The proposed legislation was tabled last November after police sought warrants to obtain the telephone records of a total of eight journalists in Quebec, sometimes going back five years, and to track a reporter using his cellphone. The bill was broadly supported by large media organizations as well as journalists' groups.
Canada's rank in the World Press Freedom Index fell to 22nd place this year in large part because of the absence of legal protection for confidential sources.
Mr. Carignan said he hopes that, with the Liberal government's support, the bill, which has already been approved by the Senate, will quickly go through the House of Commons.

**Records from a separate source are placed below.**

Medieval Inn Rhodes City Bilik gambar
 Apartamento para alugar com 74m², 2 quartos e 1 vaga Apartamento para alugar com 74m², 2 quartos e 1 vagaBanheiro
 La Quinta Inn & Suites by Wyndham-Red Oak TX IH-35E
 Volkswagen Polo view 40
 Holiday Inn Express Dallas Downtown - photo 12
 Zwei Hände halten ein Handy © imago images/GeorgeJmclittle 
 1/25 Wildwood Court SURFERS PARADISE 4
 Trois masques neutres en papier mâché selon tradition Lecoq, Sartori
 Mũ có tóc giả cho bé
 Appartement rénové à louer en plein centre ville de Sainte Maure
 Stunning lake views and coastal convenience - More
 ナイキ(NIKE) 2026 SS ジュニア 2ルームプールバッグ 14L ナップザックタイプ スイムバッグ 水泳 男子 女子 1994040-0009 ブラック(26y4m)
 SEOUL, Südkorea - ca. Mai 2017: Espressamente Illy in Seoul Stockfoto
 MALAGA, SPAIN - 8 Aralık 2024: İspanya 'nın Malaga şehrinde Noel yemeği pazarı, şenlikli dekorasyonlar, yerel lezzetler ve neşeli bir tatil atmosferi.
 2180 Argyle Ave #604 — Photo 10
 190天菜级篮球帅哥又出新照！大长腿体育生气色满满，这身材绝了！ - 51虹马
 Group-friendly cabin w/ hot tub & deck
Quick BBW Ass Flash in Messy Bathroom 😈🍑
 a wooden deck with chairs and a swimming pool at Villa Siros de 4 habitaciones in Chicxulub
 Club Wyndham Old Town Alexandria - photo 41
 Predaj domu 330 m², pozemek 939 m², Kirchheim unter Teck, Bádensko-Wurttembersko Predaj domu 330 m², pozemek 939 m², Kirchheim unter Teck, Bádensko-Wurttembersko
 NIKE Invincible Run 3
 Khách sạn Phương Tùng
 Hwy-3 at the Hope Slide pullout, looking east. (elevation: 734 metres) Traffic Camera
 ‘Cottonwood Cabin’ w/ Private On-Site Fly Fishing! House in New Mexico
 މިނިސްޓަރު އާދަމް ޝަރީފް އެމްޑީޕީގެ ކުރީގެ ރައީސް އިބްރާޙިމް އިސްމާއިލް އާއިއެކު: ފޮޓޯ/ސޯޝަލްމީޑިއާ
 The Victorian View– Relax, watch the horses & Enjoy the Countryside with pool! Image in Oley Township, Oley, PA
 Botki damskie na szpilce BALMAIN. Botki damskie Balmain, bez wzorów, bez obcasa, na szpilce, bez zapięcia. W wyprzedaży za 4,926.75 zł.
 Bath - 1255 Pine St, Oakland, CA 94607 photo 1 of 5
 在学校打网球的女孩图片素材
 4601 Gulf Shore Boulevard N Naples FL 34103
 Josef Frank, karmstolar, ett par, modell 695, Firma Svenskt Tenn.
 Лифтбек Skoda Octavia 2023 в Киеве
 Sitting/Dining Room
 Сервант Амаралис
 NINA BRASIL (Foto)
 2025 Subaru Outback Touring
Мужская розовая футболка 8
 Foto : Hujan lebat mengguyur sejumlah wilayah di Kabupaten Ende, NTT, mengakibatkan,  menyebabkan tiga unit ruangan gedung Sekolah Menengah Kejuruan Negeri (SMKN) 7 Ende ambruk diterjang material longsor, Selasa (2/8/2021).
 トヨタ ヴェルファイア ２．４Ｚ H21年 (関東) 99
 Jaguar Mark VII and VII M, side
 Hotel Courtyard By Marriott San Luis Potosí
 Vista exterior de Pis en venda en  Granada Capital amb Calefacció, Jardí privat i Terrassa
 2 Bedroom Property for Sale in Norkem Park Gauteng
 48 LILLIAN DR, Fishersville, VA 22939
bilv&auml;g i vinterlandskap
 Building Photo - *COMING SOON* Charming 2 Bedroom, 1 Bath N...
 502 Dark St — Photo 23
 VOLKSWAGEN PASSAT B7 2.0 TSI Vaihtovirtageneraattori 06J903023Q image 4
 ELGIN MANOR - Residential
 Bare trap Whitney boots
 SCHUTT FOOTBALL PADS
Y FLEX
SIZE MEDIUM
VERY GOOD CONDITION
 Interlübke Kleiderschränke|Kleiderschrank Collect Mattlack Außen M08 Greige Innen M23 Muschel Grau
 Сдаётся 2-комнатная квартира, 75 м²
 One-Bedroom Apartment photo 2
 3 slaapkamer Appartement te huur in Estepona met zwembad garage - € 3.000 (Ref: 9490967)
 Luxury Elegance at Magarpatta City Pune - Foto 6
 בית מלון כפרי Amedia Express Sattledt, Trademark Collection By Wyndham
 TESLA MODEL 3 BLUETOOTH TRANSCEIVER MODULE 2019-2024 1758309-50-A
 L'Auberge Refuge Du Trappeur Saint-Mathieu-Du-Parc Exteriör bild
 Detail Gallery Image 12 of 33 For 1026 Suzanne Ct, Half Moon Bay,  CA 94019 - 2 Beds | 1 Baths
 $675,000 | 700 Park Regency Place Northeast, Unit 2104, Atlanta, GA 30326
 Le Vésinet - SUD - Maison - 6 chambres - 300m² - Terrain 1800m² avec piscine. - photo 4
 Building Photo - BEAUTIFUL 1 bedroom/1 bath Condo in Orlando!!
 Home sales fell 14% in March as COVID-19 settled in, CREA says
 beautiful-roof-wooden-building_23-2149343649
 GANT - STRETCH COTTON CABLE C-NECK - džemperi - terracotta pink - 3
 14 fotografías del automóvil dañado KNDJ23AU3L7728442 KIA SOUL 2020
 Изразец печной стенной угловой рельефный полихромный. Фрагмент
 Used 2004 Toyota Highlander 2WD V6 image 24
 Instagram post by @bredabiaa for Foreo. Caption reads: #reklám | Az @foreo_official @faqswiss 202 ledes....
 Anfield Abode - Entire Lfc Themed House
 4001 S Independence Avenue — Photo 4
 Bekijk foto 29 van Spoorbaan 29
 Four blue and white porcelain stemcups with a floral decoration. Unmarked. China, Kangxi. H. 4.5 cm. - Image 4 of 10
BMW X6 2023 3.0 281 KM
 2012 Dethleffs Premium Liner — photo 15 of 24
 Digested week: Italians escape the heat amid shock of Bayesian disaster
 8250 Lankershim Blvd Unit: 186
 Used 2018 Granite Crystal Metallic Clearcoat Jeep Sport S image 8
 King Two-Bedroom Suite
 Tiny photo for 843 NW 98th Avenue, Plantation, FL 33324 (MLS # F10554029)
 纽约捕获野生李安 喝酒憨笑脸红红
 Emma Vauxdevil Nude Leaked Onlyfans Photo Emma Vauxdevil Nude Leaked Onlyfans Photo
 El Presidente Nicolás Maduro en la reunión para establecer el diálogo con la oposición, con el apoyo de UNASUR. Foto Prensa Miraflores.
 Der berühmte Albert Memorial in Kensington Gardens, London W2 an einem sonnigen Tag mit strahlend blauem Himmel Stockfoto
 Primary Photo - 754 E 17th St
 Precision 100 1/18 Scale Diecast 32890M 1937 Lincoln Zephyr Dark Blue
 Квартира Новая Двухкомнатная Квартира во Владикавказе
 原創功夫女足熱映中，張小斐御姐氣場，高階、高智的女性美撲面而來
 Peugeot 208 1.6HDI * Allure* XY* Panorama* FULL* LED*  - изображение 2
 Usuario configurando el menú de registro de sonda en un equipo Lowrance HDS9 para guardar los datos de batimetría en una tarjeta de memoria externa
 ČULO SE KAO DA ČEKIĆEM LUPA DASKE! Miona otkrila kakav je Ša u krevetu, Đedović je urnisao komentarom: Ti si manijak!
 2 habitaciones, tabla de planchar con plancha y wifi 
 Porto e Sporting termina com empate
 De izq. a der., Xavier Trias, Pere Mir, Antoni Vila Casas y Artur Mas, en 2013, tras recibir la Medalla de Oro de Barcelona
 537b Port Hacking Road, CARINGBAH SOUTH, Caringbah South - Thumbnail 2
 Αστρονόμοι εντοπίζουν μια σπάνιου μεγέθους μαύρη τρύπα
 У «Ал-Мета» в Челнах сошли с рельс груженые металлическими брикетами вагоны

"This is an important message that is being sent to law-enforcement authorities," he said in an interview.
The amendments to be revealed by the government on Friday will aim to ensure that the bill does not have unforeseen consequences on other legislation and does not protect reporters when they are suspected of a crime or are themselves under investigation, sources said.
The government's position will be explained by Marco Mendicino, parliamentary secretary to the Minister of Justice, a government official said.
Meanwhile, Information Commissioner Suzanne Legault used her office's annual report to sharply criticize the government for its "broken promise" to reform the law that provides access to government documents to every Canadian.
"Our investigations reveal, once again, that the Act is being used as a shield against transparency and is failing to meet its policy objective to foster accountability and trust in our government," Ms. Legault said. "Comprehensive reform of the Act is essential and long overdue, especially in the face of the expanding information realities of the 21st century. A lot of work needs to be done before this government can meet its transparency promises."
In her report, the Information Commissioner pointed out that she has particular concerns about the performance of the following agencies in following the Access to Information Act: National Defence, Health Canada, Global Affairs Canada, RCMP, Canada Revenue Agency and Correctional Services Canada.
Mr. Carignan's Bill S-231, which would amend the Criminal Code and the Canada Evidence Act, would not inoculate journalists from police powers to get search warrants, but it would make those powers harder to use.
For example, only high-court judges could endorse such warrants, instead of lower-ranking justices of the peace, as is currently the case in many circumstances.
Should such judicial permissions be granted, the fruits of any such searches against a journalist would be immediately sealed. Journalists would then have to be notified and given the ability to fight in court, before the police would have access to the data.
Mr. Carignan said the legislation would do a better job of protecting journalists and their sources than the current situation, in which police and judges are asked to abide by a series of legal rulings.